Di sebuah kafe yang lumayan ramai. Ditemani langit hitam dipenuhi bintang dan disinari oleh bulan purnama. Angin malam yang beradu dengan suara bising jangkrik.
Disana. Di meja 07. Tepatnya di pinggir pohon yang dihiasi lampu kerlap kerlip. Menambah suasana itu menjadi romantis. Dua gelas kopi itu tersaji rapi dengan obrolan obrolan yang malam itu sedikit mencengkram.
“Ya kamu tau sendiri kan, aku pulang malem juga capek. Aku butuh kamu, tapi kamu selalu aja gak ada waktu itu. Kamu kemana sih?” tanya perempuan berambut pirang itu. Pria itu mendesah kecil. “Sayang. Kamu tau kan? Dunia aku enggak cuma kamu. Harus-.” “Iya aku ngerti. Tapi kalau kamu anggep aku sebagai prioritas harusnya kamu tau kan? Lagian aku gak butuh waktu lama lama kok. Cuma butuh waktu aku bener bener capek dan kamu ada. Itu aja. Permintaanku ini gak aneh kan?” Perempuan itu dibuat lelah pasangan didepannya. Pria itu sabar, lalu tersenyum. “Iya, gak aneh kok.”
Perempuan itu mengulung rambutnya. Tiba tiba suasana menjadi canggung. Tak ada obrolan lagi diantara mereka. Pria didepannya itu asyik dengan segelas kopi. Namun, suasana itu menjadi berbeda ketika lagu berputar dengan keras merobohkan hati perempuan itu.
“Kutemukan arti cinta. Diwaktu hidup denganmu yang tak terduga. Seperti nadimu yang slalu denyutkan setia….”

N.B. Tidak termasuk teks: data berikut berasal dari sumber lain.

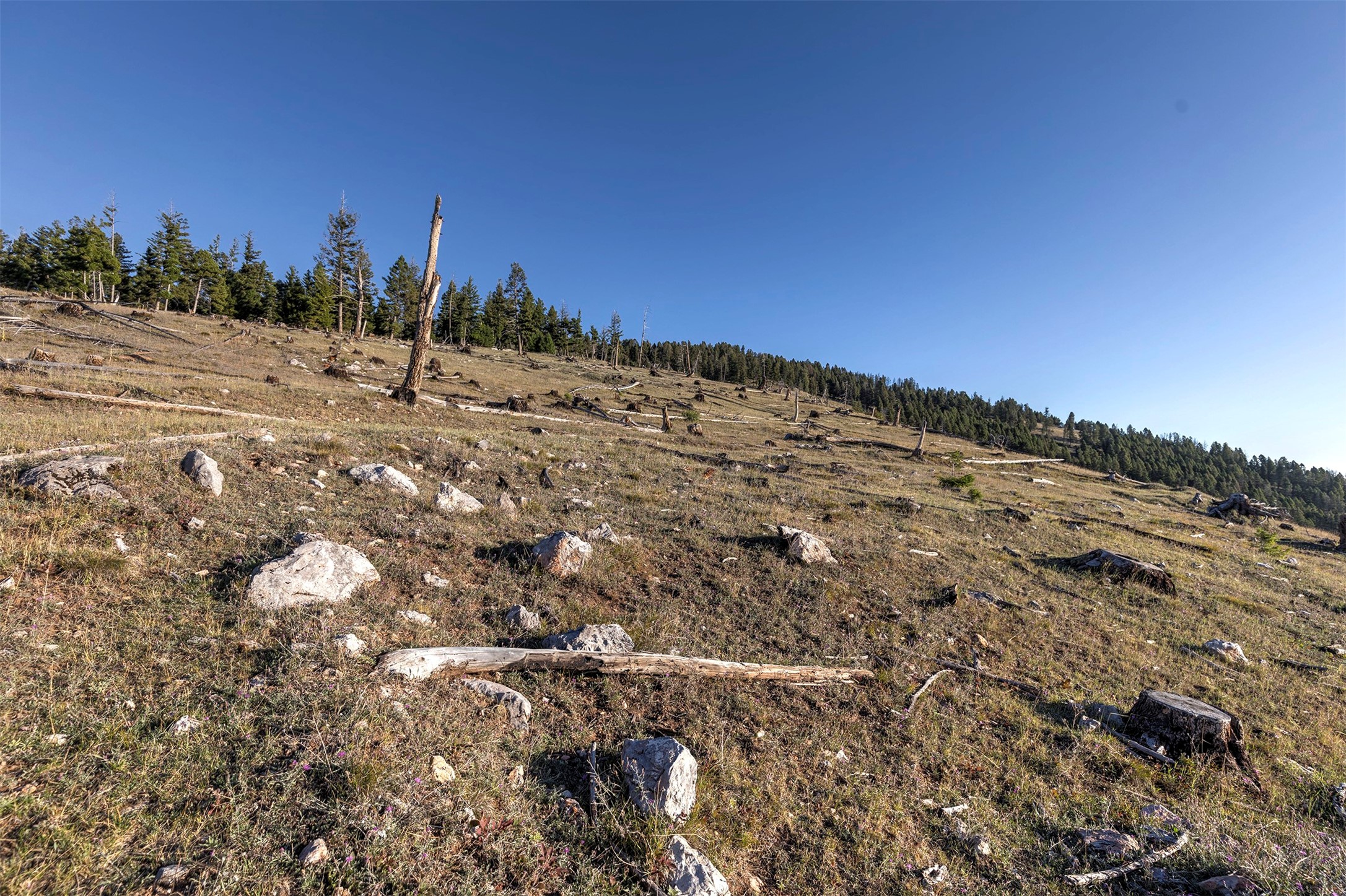 Nhn Bearmouth Ranch Property Photo 32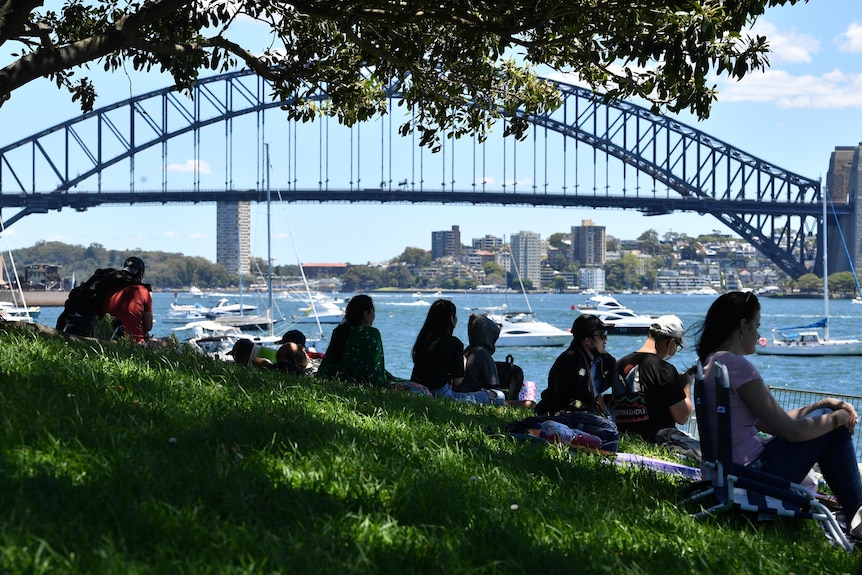 In the foreground, people sit on the grassy embankment overlooking the water and the Sydney Harbour Bridge.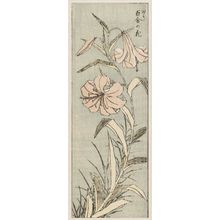 Katsushika Hokusai: Yuri no hana (Single stalk of lilies); From Hokusai Gwaen vol. 3, sheet 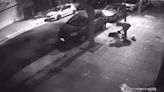 Video impactante: buscan a un hombre que le dio una brutal paliza a su perro mientras lo paseaba | Policiales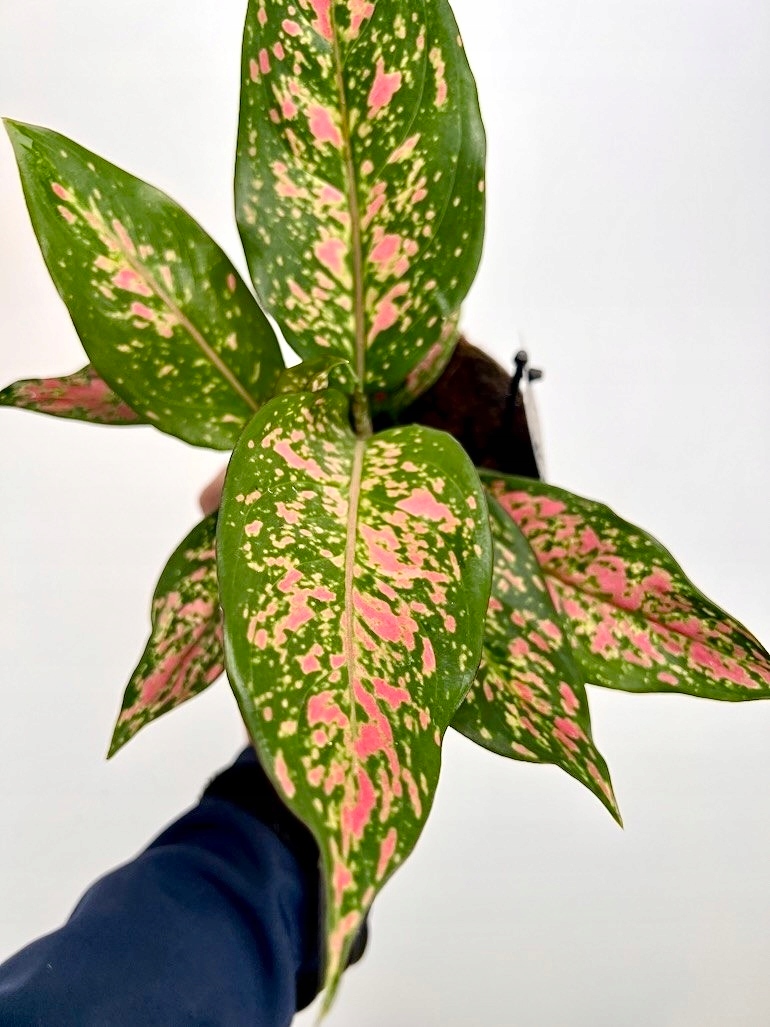 Aglaonema Strawberry Baby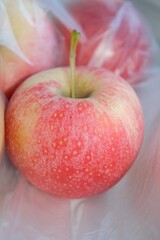  apple halves isolated on background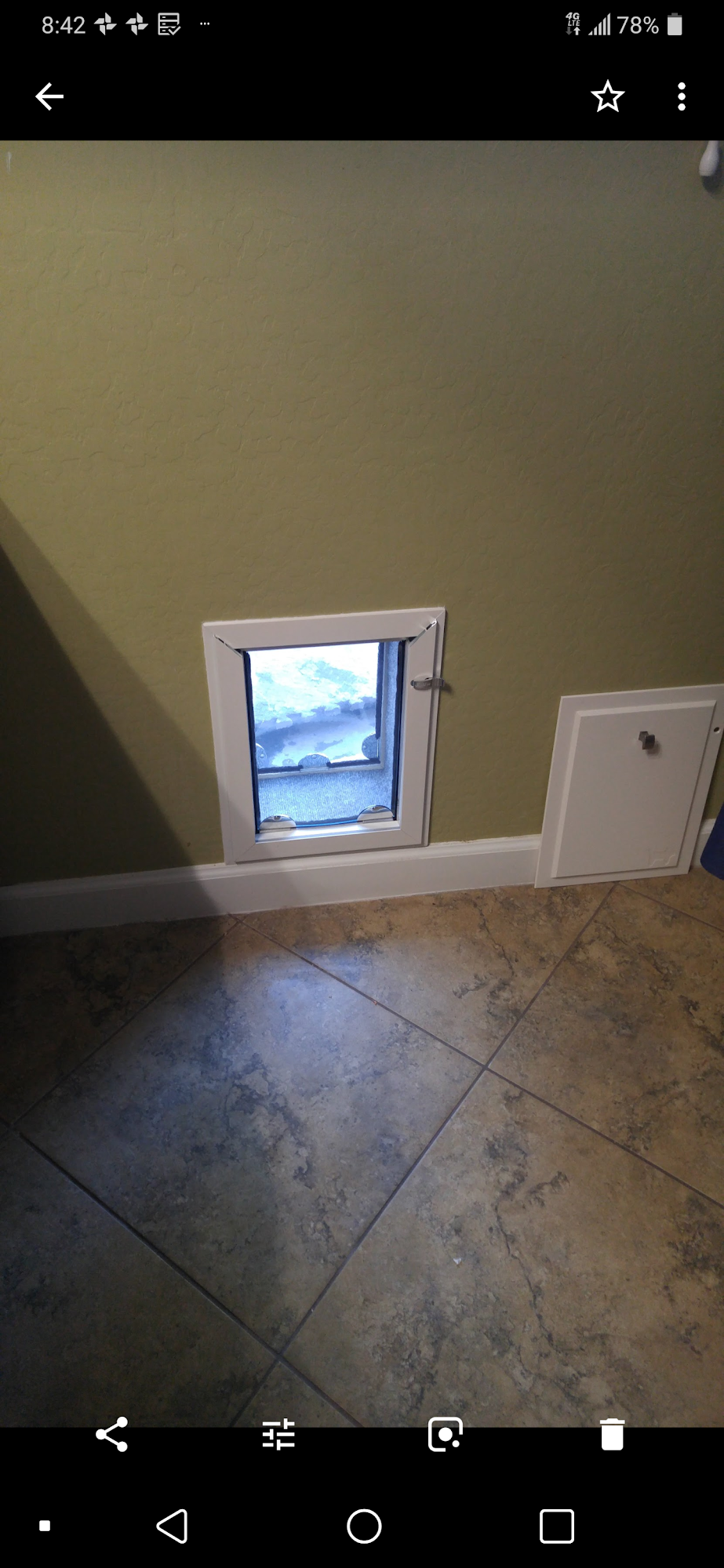 Az Dog Doors Chandler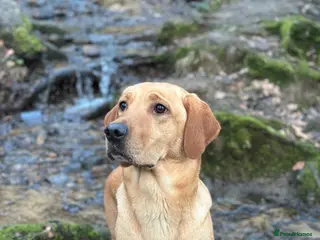 Labrador Retriever dogs Stunning Working Female Fox Red Labrador (3yrs) - Advert 2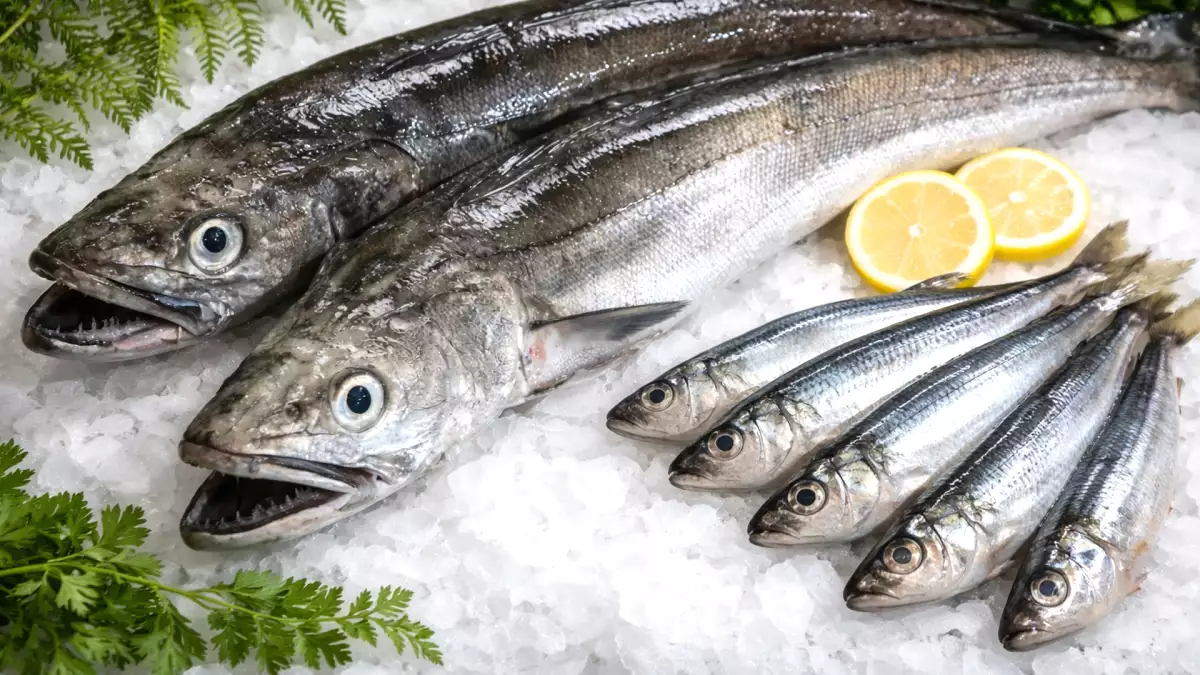 All European hake has anisakis: How to avoid risks at Christmas without changing the menu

Lagu itu mengingatkan kembali, kepada seseorang di hidup perempuan itu. Ia tak sengaja menitihkan air matanya.
“Sayang kamu kenapa?” Khawatir pria itu. “Ah enggak.” Perempuan itu mendongak. Berusaha untuk air matanya tidak jatuh ke pipi. “Aku ke toilet dulu ya.” Pria itu mengangguk. Membiarkan pasangannya pergi ke toilet.
Sampai di toilet yang beberapa orang keluar. Perempuan itu langsung masuk ke dalam salah satu bilik. Air matanya tumpah. Seketika dadanya sesak. Ia memukul mukul tembok untuk melampiaskan.
Lagu itu. Lagu favorit perempuan itu dengan orang yang lama. Lagu yang selalu diingatnya karena hanya itu yang dia punya sekarang. Sekarang, rasanya sakit.
Orang baru. Tadi orang baru yang baru saja masuk ke dalam hidupnya, ternyata … dia tidak seperti orang lama.
“Ihhh kamu kapan ada waktu?” Orang lama itu mencubit hidung kecil perempuan di depannya. “Ngambek mulu kayak bocil.” “Ishhh. Aku serius.” Orang lama itu terkekeh. “Iya, waktunya buat kamu semuanya. Aku kasihkan ke kamu.”
Lagu itu kembali berputar dengan isakan tangis perempuan itu.
“Bila waktu izinkan kita menua bersama. Dimataku indahmu tetaplah sama.”
“Hiks. Aku kangen kamu. Aku gak bisa lupain kamu.” Tangisan itu semakin menambah. Badannya merosot menyentuh lantai dingin toilet. Rasanya ada sesuatu yang ingin diluapkan tapi orangnya sudah tidak ada lagi.
“Lu sempurna, Nadhira. Jangan nangis.” Kata penenang dari orang lama, yang selalu perempuan itu kenang.